6. Dr. Filth, he keeps his world
Inside of a leather cup
But all his sexless patients
They're trying to blow it up
Now his nurse, some local loser
She's in charge of the cyanide hole
And she also keeps the cards that read
"Have Mercy on His Soul"
They all play on penny whistles
You can hear them blow
If you lean your head out far enough
From Desolation Row

7. Across the street they've nailed the curtains
They're getting ready for the feast
The Phantom of the Opera
A perfect image of a priest
They're spoonfeeding Casanova
To get him to feel more assured
Then they'll kill him with self-confidence
After poisoning him with words
And the Phantom's shouting to skinny girls
"Get Outa Here If You Don't Know
Casanova is just being punished for going
To Desolation Row"

8. Now at midnight all the agents
And the superhuman crew
Cme out and round up everyone
That knows more than they do
Then they bring them to the factory
Where the heart-attack machine
Is strapped across their shoulders
And then the kerosene
Is brought down from the castles
By insurance men who go
Check to see that nobody is escaping
To Desolation Row

9. Praise be to Nero's Neptune
The Titanic sails at dawn
And everybody's shouting
"Which Side Are You On?"
And Ezra Pound and T. S. Eliot
Fighting in the captain's tower
While calypso singers laugh at them
And fishermen hold flowers
Between the windows of the sea
Where lovely mermaids flow
And nobody has to think too much
About Desolation Row

10. Yes, I received your letter yesterday
(About the time the door knob broke)
When you asked how I was doing
Was that some kind of joke?
All these people that you mention
Yes, I know them, they're quite lame
I had to rearrange their faces
And give them all another name
Right now I can't read too good
Don't send me no more letters no
Not unless you mail them
From Desolation Row

The Circus Is in Town -- and Vice Versa: Bob Dylan’s "Desolation Row"

At ten 12-line verses one of rock’s lengthy masterpieces, Bob Dylan’s "Desolation Row" occupies the last nine minutes of his classic 1965 Highway 61 Revisited album, which opens with "Like a Rolling Stone," voted the number-one song of all time in a recent Rolling Stone survey. Its modest acoustic-super-ballad form thrills less than "Stone"’s driving-drum-soaring-organ sound, but "Row" says much more, with its intricate weave of literary, historical and social references, concrete details, and transcendent wit.

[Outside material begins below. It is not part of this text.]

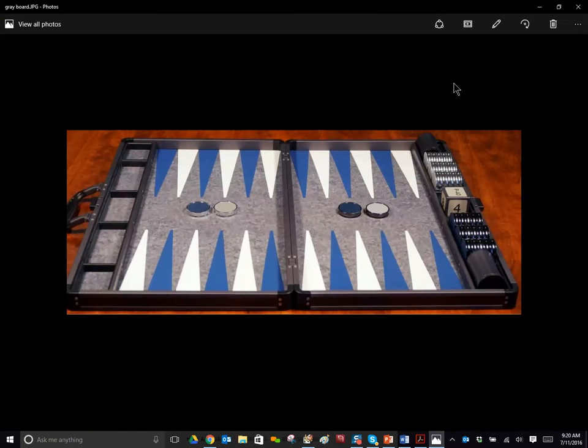Hi there, this is Phil Simborg and this is my new P40 Backgammon board. I'm very, very thrilled to have it, very proud of it. It's a revolutionary board.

It’s darned catchy, too, once you give it an attentive listen.

What, exactly, is Desolation Row? At the geographical level, it appears to denote an urban block -- row-houses and small businesses. A place from which, according to verse 1, "Lady and I" can "look out tonight" and see the traditional parade from the point where the circus arrives in town to where it will perform in coming days; "the fortune-telling lady" can "take all her things inside," ostensibly from the sidewalk, in verse 3; and where a figurative human circus constantly parades, a wide variety of people intermingling, many of them anonymous, a handful the degenerate characters of the song.

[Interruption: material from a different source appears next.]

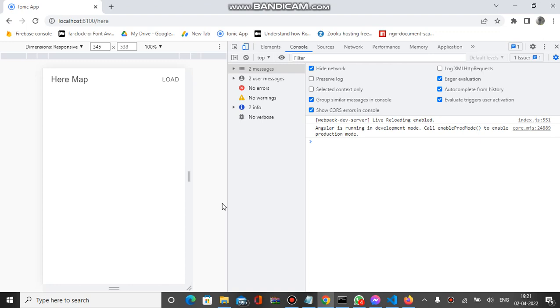Welcome to the channel. You can see here is an Ionic app with a blank page. There is an iframe tag which is currently hidden, so when I click on load, a map will be loaded.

At the metaphorical level, geography blends with the human psyche, desolation describing the dilapidation of the place, the impoverishment and isolation of its people, and the moral and spiritual decay of a society that simultaneously creates, perpetuates, feeds upon, and acts superior to the place and its people. Thus, "the blind commissioner" in verse 1 reaps his vulgar reward from being with "the tightrope walker" while the riot squad fidgets with nothing to do, while in verse 8 "all the agents / And the superhuman crew / Come out and round up everyone / That knows more than they do" and society’s rulers, "the insurance men" from "the castles," "Check to see that nobody is escaping / To Desolation Row." I.e., those not familiar with the place are to be kept ignorant of it, and they are to be kept from risking injury or loss from going there, not to mention taking up residence there, since either would sap insurance-industry profits.

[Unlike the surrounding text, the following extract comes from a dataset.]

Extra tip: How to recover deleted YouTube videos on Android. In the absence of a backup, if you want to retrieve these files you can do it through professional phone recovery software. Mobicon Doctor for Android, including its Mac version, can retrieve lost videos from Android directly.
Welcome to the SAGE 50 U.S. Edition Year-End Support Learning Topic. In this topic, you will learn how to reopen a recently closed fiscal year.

The singer-persona’s female companion, "Lady," unspecified but dignified and respectable, shares his tragicomic observations. This helps differentiate them from a lone madman’s ravings -- otherwise a possibility since the Row’s "Einstein" doesn’t fare well under the pair’s gaze -- and emphasizes the moral burden on the listener to find the song’s shocking and often mystifying comments reliable rather than incoherent. They "look out" rather than merely observe -- a subtle hint that they find what they see alarming, so maybe we should too.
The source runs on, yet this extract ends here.